The conversation around AI often assumes participation. Millions of girls have not even been allowed entry into the digital world shaping it.
As someone who has spent over ten years working at the intersection of gender equality, education and youth leadership, I have seen firsthand how digital inequality quietly determines who gets access to opportunity and who gets left behind.
In rural and underserved communities, technology is still viewed as an investment more “useful” for boys. Girls are expected to adapt around limited access, shared devices, domestic responsibilities and social restrictions that continue to shape their relationship with education and innovation.
Now, as artificial intelligence rapidly transforms economies and institutions, these inequalities are not disappearing. They are accelerating.
The world often presents AI as a neutral tool capable of democratizing opportunity. But technology is never truly neutral when the societies building it are unequal.
Artificial intelligence systems learn from existing data, structures and human behavior. When women and girls, particularly from the Global South, remain excluded from digital spaces, their realities become invisible within the systems increasingly shaping public life.
Who builds technology matters. Whose language is represented matters. Whose experiences are included in datasets matters.
Today, most AI systems continue to be dominated by English-language data and perspectives from wealthier regions of the world. Meanwhile, millions of young people across the Global South navigate digital ecosystems that do not fully recognize their cultural contexts, languages or lived experiences.
The result is not only technological exclusion, but a growing concentration of power in the hands of those already privileged enough to shape innovation.
This is especially dangerous for girls.
Across many communities, girls are encouraged to consume technology but rarely empowered to build it. They are taught digital skills as users, not innovators. Even when girls enter STEM spaces, they continue to face barriers ranging from online harassment and safety concerns to lack of mentorship, representation and institutional support. Too many young women still grow up believing technology is something created elsewhere, by someone else, for someone else.

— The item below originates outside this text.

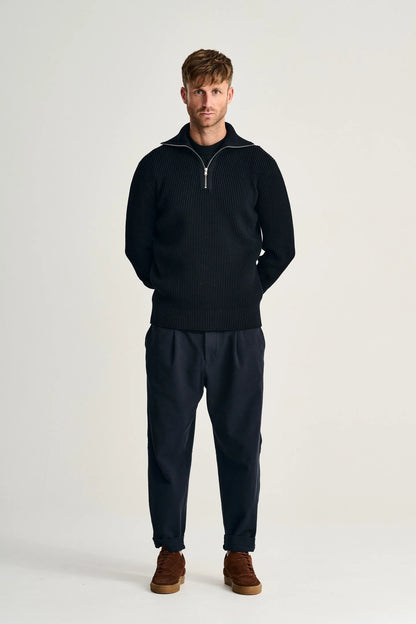 Fender | kort lynlås | navy blue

At the same time, the future of work is increasingly tied to AI literacy, digital adaptability and technological fluency. If girls are excluded from these systems today, they risk being excluded from future economies altogether.
The AI divide is quickly becoming an economic divide, a leadership divide and ultimately a power divide.
What concerns me most is that conversations around inclusion often remain performative. Young people, particularly girls from the Global South, are frequently invited into global discussions as symbols of resilience and inspiration, while decisions around technology governance, investment and infrastructure continue to happen without them. Representation without structural access changes very little.
Real inclusion requires far more than symbolic participation. It requires investment in digital infrastructure, accessible internet, localized and multilingual AI systems, online safety protections, and meaningful pathways for girls to lead within STEM and technology spaces. It also requires governments, institutions and technology companies to stop treating gender equality as a side conversation rather than a foundational requirement for ethical innovation.
We cannot build an equitable technological future while half the world is still struggling to access the digital present.
Artificial intelligence will shape how societies learn, work, communicate and govern for decades to come. But if existing inequalities remain unaddressed, AI risks scaling the same exclusions the world claims it wants to solve.
The question is no longer whether AI will define the future. The question is who gets to shape that future and who remains digitally invisible within it.